The supporters of the two presidential candidates, Deputy President Cyril Ramaphosa and Nkosazana Dlamini Zuma, chanted around plenary in Nasrec Johannesburg.
Markers were then whipped out with “CR17” and “NDZ” and hoisted high as the chanting continued.
Dlamini Zuma supporters sang their favourite “Phakama Nkosazana, ixesha lisondele.” loosely translated, they call on Dlamini Zuma to rise as her time to lead has come.
The Ramaphosa supporters sang “on your marks, get set, we are ready for Ramaphosa” as the two groups tried to outdo each other.
Some NEC members joined in song, dancing and waving from the front of the plenary.
The Chamber of Mines last night wished Ramaphosa well, but acknowledged he and other leaders of the party have “a considerable” task at hand.
“We hope to see a renewed focus by the ruling party on responsible and ethical leadership in the national interest across all sectors of the economy and at all levels of society.
“The future of South Africa and its people depend on it,” said the chamber’s chief executive, Roger Baxter.
Meanwhile, analysts said the choice of Ramaphosa over his main rival for the ANC’s top job, Dlamini Zuma, is likely to chart a reformist course for South Africa, which has lost its lustre under President Jacob Zuma.
A lawyer with an easygoing manner, Ramaphosa has vowed to fight corruption and revitalise an economy that has slowed to a near-standstill under Zuma’s scandal-plagued leadership.

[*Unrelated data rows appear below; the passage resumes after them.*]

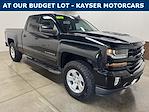 2017 Chevrolet Silverado 1500 Double Cab 4x4 Pickup for sale #25466C - photo 36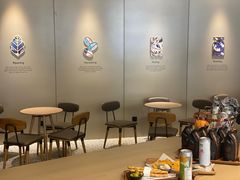 -星巴克臻选(北京蓝色港湾RO店)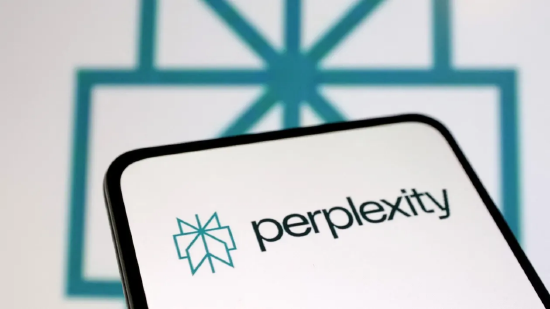 开源策略 Perplexity AI 就140亿美元估值融资5亿美元进行后期谈判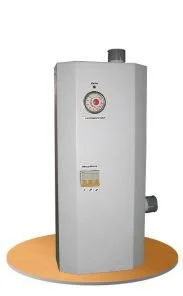 Электрокотел со встроенным пультом, 220В, 3 автомата, 3кВт, ЭКВП-3, МИСТЕР ХИТ  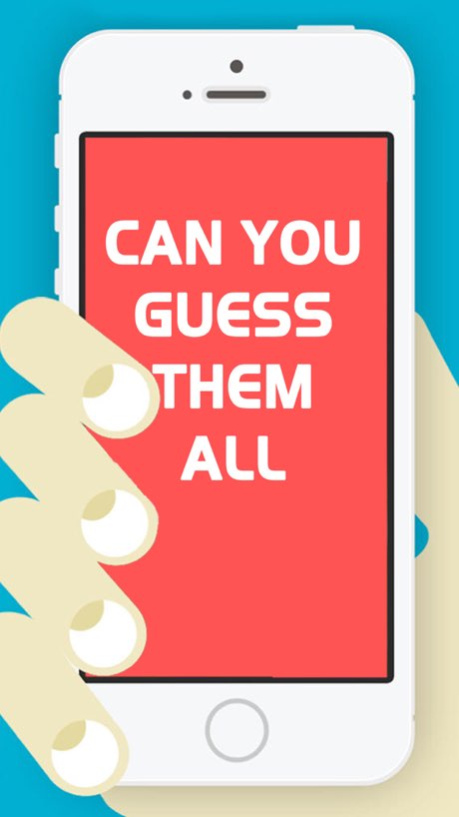 Logo Quiz Mania - Guess the logo brand game Screenshot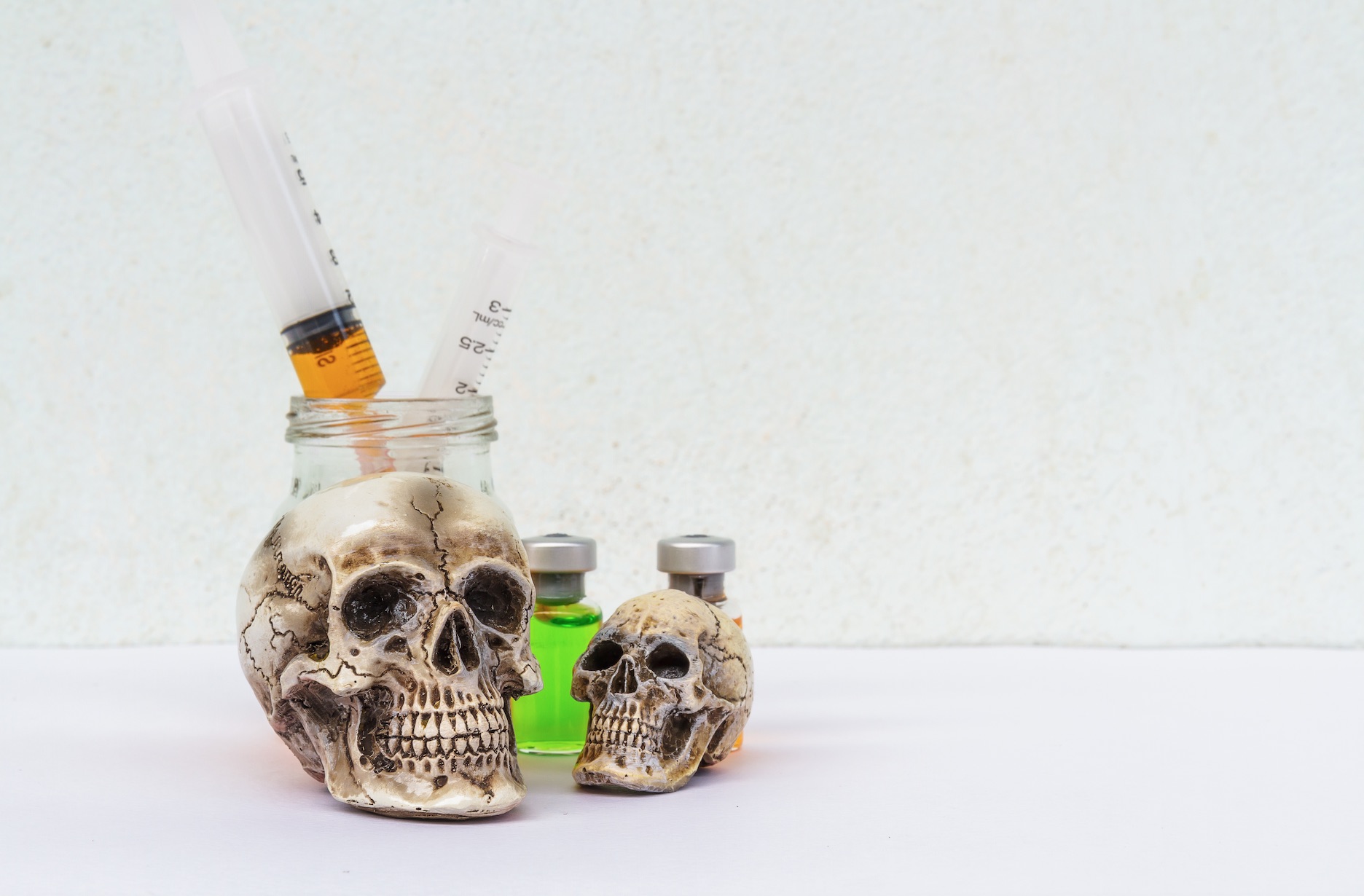 Zehirli Madde İmal ve Ticareti Suçu Hakkında Genel Bilgiler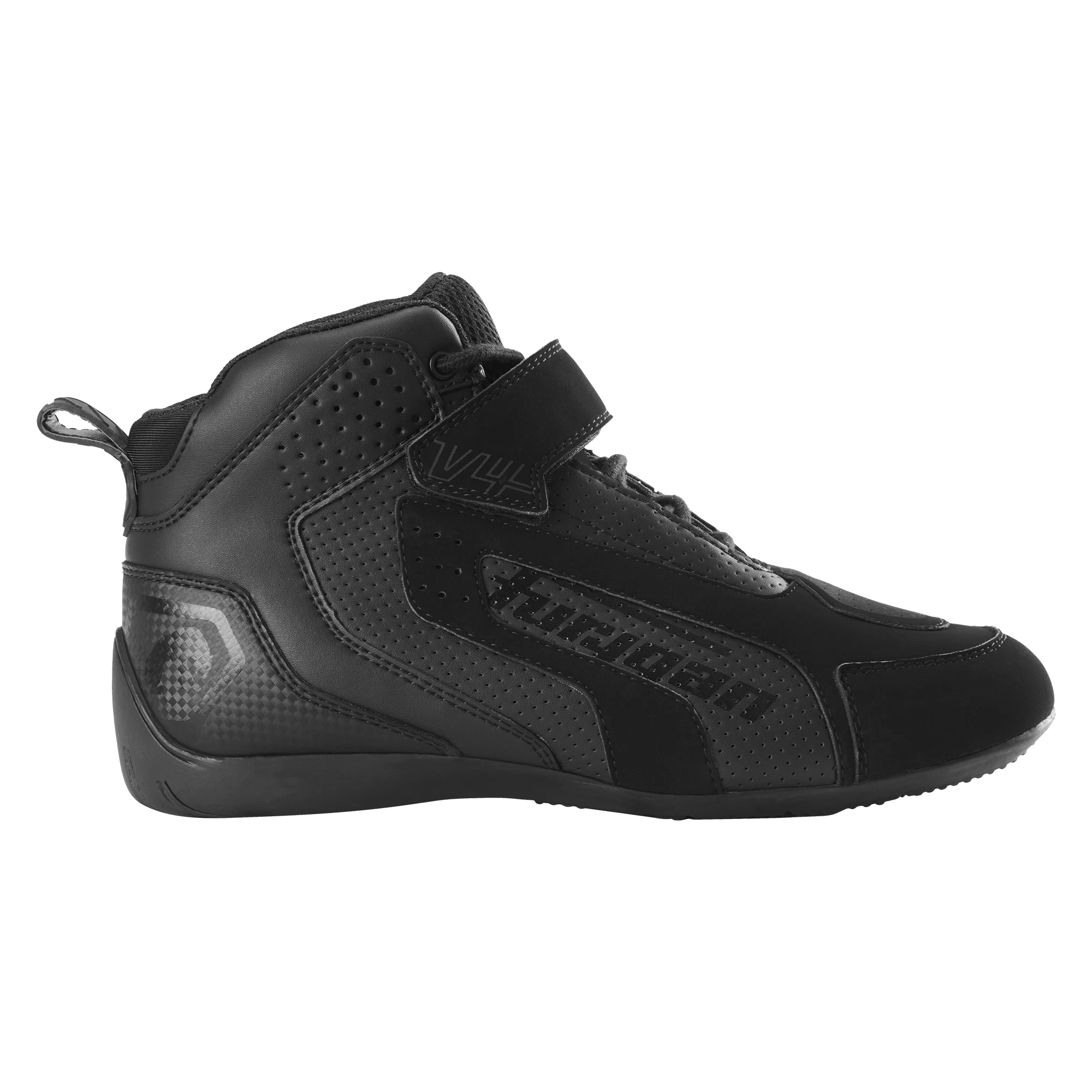Furygan Furygan V4 Vented Boots - Black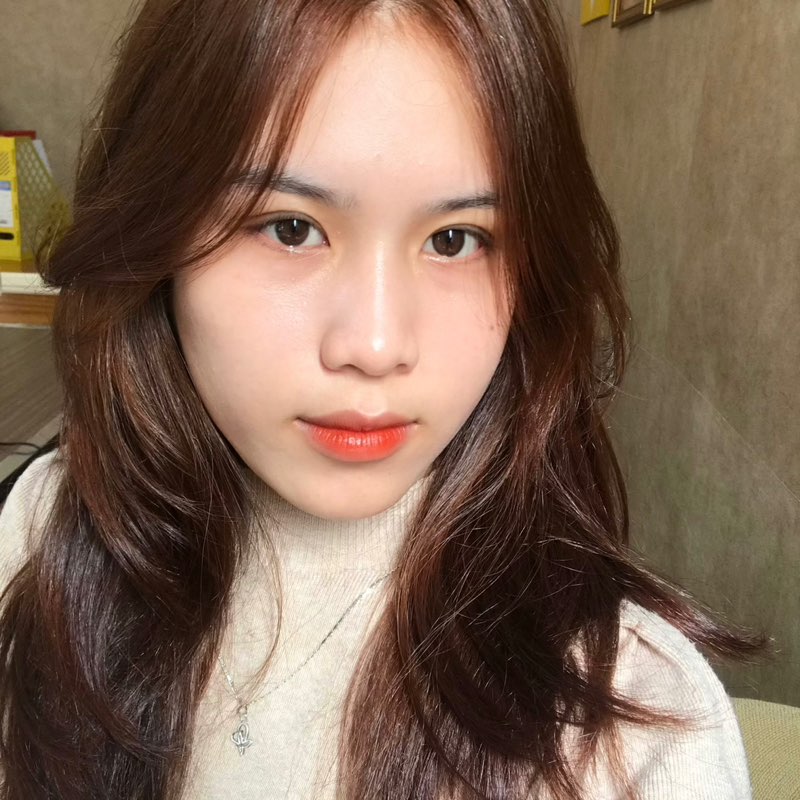 IN-1793 - Huỳnh Trần Cẩm Duyên profile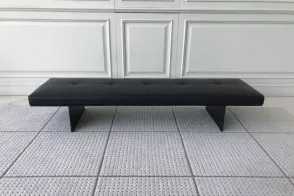 Track Bench (Expo Offer) 2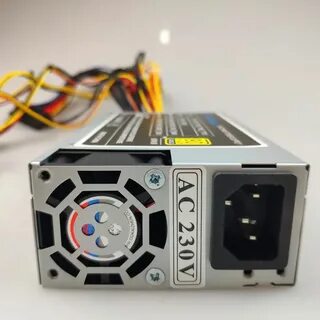 Power supply 1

While Ramaphosa, a hugely successful businessman, has backed calls for “radical economic transformation”, an ANC plan to tackle inequality, he tends to couch his policy pronouncements in more cautious terms.
Unlike Zuma or Dlamini Zuma, Ramaphosa was not driven into exile for opposing apartheid, which some of the party’s more hardline members hold against him.
He fought the injustices of white minority rule from within South Africa, most prominently by defending the rights of black miners as leader of the National Union of Mineworkers (NUM).
A massive miners’ strike led by Ramaphosa’s NUM in 1987 taught business that “Cyril was a force to be reckoned with,” said Michael Spicer, a former executive at Anglo American.
“He has a shrewd understanding of men and power and knows how to get what he wants from a situation,” Spicer said.
The importance of Ramaphosa’s contribution to the talks to end apartheid is such that commentators have referred to them in two distinct stages: BC and AC, Before Cyril and After Cyril.
Ramaphosa also played an important role in the drafting of South Africa’s post-apartheid constitution, held up as one of the most cogent in the world.